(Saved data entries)
◇ ◇ ◇ ◇ ◇ ◇ ◇
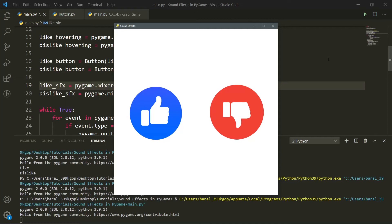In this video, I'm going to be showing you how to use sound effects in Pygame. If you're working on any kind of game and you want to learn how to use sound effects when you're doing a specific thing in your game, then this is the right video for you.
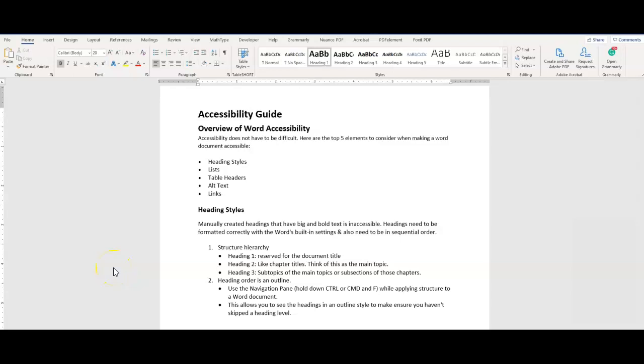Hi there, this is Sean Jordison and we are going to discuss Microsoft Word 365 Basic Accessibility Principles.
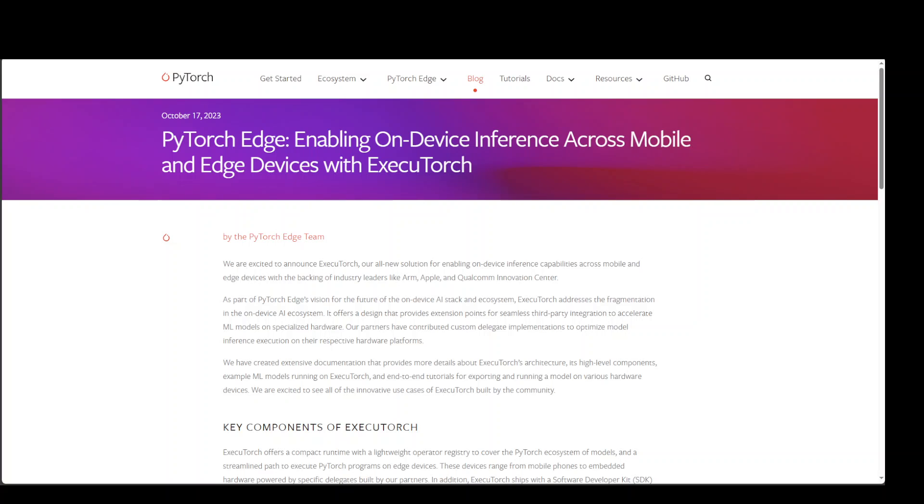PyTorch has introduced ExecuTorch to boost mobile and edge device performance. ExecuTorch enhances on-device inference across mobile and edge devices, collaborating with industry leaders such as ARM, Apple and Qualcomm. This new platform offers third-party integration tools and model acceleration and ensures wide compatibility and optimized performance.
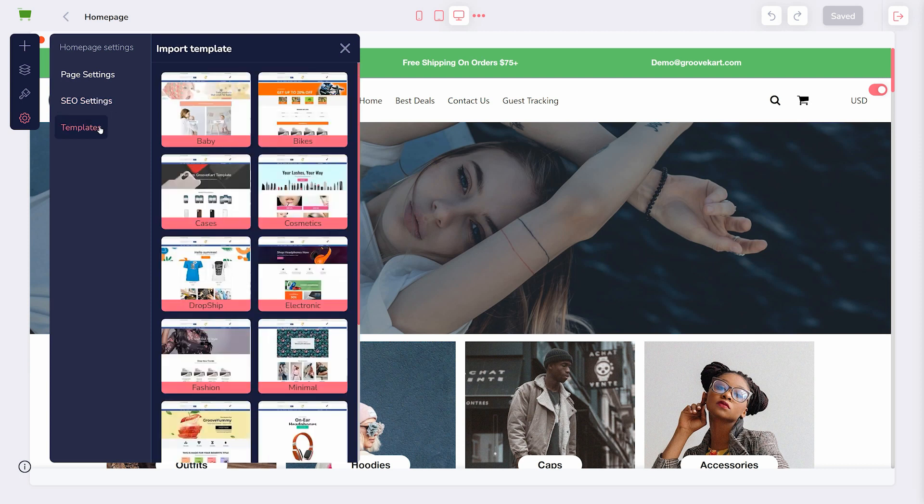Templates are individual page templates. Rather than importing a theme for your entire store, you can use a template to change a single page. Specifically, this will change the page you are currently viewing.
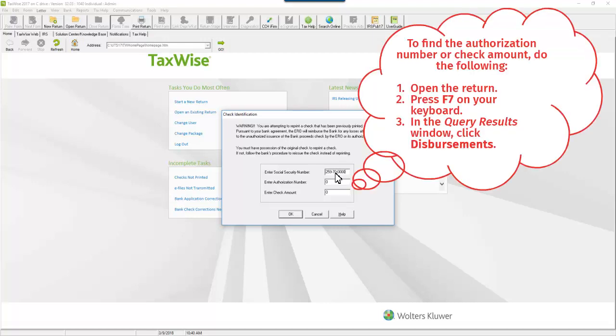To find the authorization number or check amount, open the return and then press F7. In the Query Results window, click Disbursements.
◇ ◇ ◇ ◇ ◇ ◇ ◇
Set the records down again exactly, and omit any picture in them.

**TASK SOLUTION**
In this video, I'm going to be showing you how to use sound effects in Pygame. If you're working on any kind of game and you want to learn how to use sound effects when you're doing a specific thing in your game, then this is the right video for you.
Hi there, this is Sean Jordison and we are going to discuss Microsoft Word 365 Basic Accessibility Principles.
PyTorch has introduced ExecuTorch to boost mobile and edge device performance. ExecuTorch enhances on-device inference across mobile and edge devices, collaborating with industry leaders such as ARM, Apple and Qualcomm. This new platform offers third-party integration tools and model acceleration and ensures wide compatibility and optimized performance.
Templates are individual page templates. Rather than importing a theme for your entire store, you can use a template to change a single page. Specifically, this will change the page you are currently viewing.
To find the authorization number or check amount, open the return and then press F7. In the Query Results window, click Disbursements.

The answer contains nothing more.